For further model simplification, we continued the backward elimination procedure to omit case-mix factors while retaining clinical center, as these variables were not independently associated with either unassisted clinical maturation or with overall AVF clinical maturation for any of the three ultrasound assessments. On the basis of this model, Figure 1 displays the predicted probability of unassisted clinical maturation as a function of AVF blood flow for three combinations of AVF vein diameter (5th, 50th, and 95th vein diameter percentiles) and three combinations of AVF depth (5th, 50th, and 95th percentiles), all assessed at the 6 week ultrasound visit. Blood flow ranges extend from the 5th to the 95th AVF blood flow percentiles for each combination of AVF vein diameter and vein depth. The predicted probabilities of unassisted clinical maturation range from <0.05 at the lowest extremes of AVF blood flow, diameter, and depth, to >0.90 at for the combination with the highest extremes of these three ultrasound parameters. We note that for each combination of AVF diameter and depth, a steep gradient exists between AVF blood flow and the probability of unassisted clinical maturation. However, beyond a blood flow of 1200 ml/min, there are no additional increases in the probabilities of clinical maturation. Supplemental Figure 2 displays the predicted probability of unassisted maturation in the upper arm versus forearm. Supplemental Figure 3 displays the predicted probability of overall AVF clinical maturation. For the 6 week ultrasound assessment, increases of 0.1 cm in vein diameter and vein depth, which were linearly related to the odds of maturation on the log scale, were respectively associated with a 16% (95% confidence interval [95% CI], 4% to 40%) increase and a 33% (95% CI, 26% to 41%) decrease in the odds of primary unassisted clinical maturation, and a 10% (95% CI, 10% to 34%) increase and a 24% (95% CI, 16% to 31%) decrease in the odds of overall clinical maturation.
The figure displays how the probability of overall maturation increases at higher AVF blood flow and at higher vein diameter, but decreases at higher vein depth. A cubic spline in AVF blood flow was used to account for nonlinear association. The depicted levels of vein diameter and vein depth represent the 5th, 50th, and 95th percentiles.
Supplemental Figure 4 provides an additional perspective on the association of the ultrasound measures with unassisted clinical maturation by displaying contour plots of predicted probabilities of unassisted clinical maturation across different combinations of 6 week AVF blood flow, and diameter for four levels of vein depth. Combinations of AVF blood flow, vein diameter, and vein depth with predicted maturation probabilities ≤0.25 represent AVFs with a low probability of maturing without intervention, whereas combinations with predicted maturation probabilities >0.75 represent combinations with a high probability of achieving unassisted clinical maturation. For example, if a AVF has an average vein depth of 0.2 cm, an average vein diameter of 0.65 cm, and an average blood flow of 900 cc/min, the predicted probability of achieving unassisted maturation is approximately 75%. If the vein depth increases to 0.4 cm, the same AVF has a predicted unassisted maturation probability of approximately 55%, and approximately 40% when the vein depth increases to 0.6 cm. Supplemental Figure 5 provides a similar contour plot for overall clinical maturation.

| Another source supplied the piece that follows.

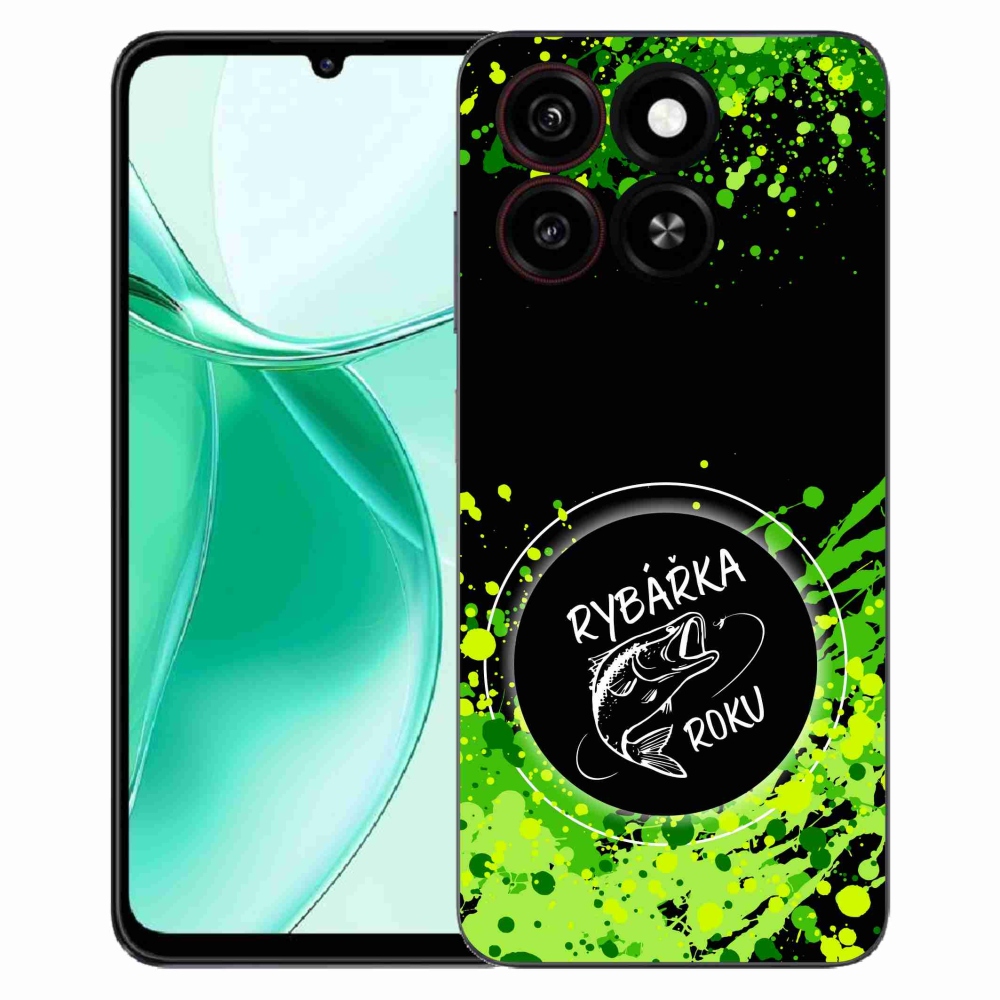 Gélový kryt mmCase na ZTE Blade A35 - rybárka roku čierne pozadie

Prognostic Model for Clinical Maturation
Each relationship of AVF blood flow, vein diameter, and vein depth with unassisted and overall clinical maturation was qualitatively similar in the multivariable models from the backward elimination procedure, with and without including adjustment for clinical center (Supplemental Table 4, A and B). We evaluated accuracies of our final multivariable prognostic models for clinical maturation after dropping clinical center, because center would not be appropriate for inclusion in a prognostic model intended for general use. The cross-validated areas under the curves for the final prognostic models on the basis of the three ultrasound parameters were 0.69, 0.74, and 0.79 for the 1 day, 2 week, and 6 week assessments for unassisted clinical maturation, and 0.69, 0.71, and 0.76 for overall clinical maturation, respectively. Expressions for the prognostic models are provided in the Supplemental Material. The corresponding crossvalidated receiver operating characteristics curves for unassisted clinical maturation and overall clinical maturation are displayed in Figure 2 and Supplemental Figure 6, with the combinations of sensitivity and 1– specificity of the KDOQI and UAB maturation criteria superimposed.

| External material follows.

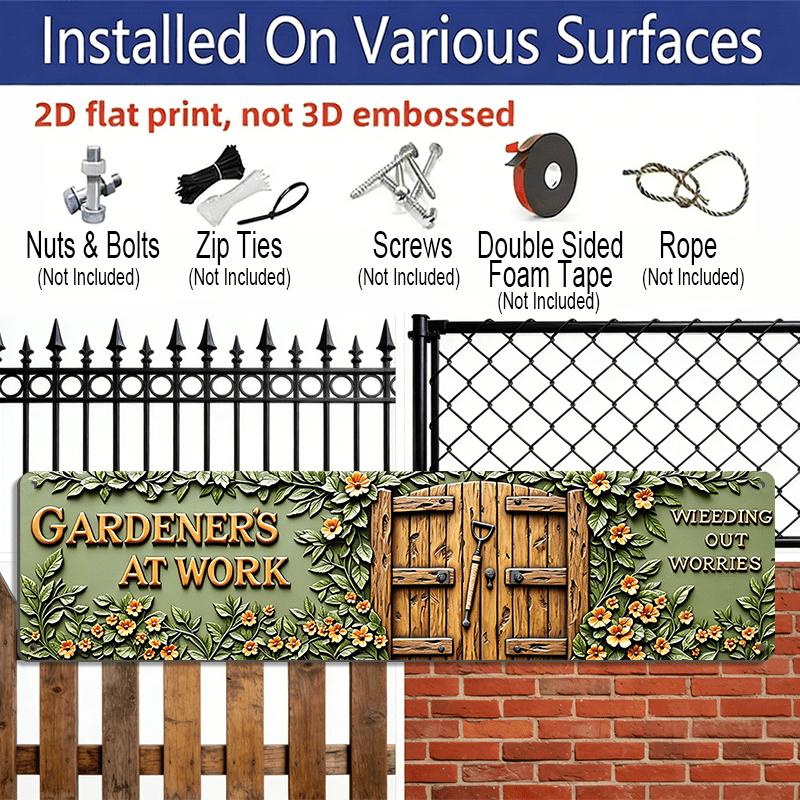 Aluminium Decorative Sign 2D Flat Designed with Gardening Elements, 15.7×3.94inch, Featuring Floral Patterns And Gardening Tools. This Piece of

The cross-validated receiver operating characteristic curve displayed in the figure shows that the multivariable model based on 6-week AVF blood flow, diameter, and depth provides moderately accurate prediction of unassisted clinical maturation. The sensitivities and specificities of prediction of clinical maturation using the KDOQI and UAB criteria are also displayed. Crossvalidated areas under the receiver operating characteristic curves for prognostic models on the basis of only the three ultrasound parameters increased from 0.69 at 1 day to 0.74 and 0.79 at 2 and 6 weeks. KDOQI criteria: AVF blood flow ≥600 ml/min, vein diameter ≥0.6 cm, and vein depth ≤0.6 cm; UAB criteria: AVF blood flow ≥500 ml/min and vein diameter ≥0.4 cm.
Discussion
We examined the associations of 1 day, 2 week, and 6 week AVF ultrasound blood flow, diameter, and depth with unassisted and assisted AVF clinical maturation in a large multicenter cohort of patients undergoing new AVF creation, with and without adjustment for seven clinical and demographic characteristics. We found that these three ultrasound measurements fully accounted for the associations of both unassisted and overall clinical maturation with the case-mix variables (age, sex, black race, AVF location [forearm versus upper arm], dialysis status, diabetic status, and body mass index). Interestingly, any effect of AVF location appears to have been mediated by its relationships with blood flow and diameter, which tended to be smaller in forearm AVF. Thus, the three ultrasound variables were sufficient for maturation prediction. Moreover, changes in AVF blood flow and diameter from 1 day to 2 and 6 weeks were not independently associated with the unassisted or overall clinical maturation outcomes, after accounting for the 6 week ultrasound measurements. Hence, as long as 6 week ultrasound measurements are available, it does not appear necessary to account for prior trajectories in the ultrasound parameters when predicting future clinical maturation.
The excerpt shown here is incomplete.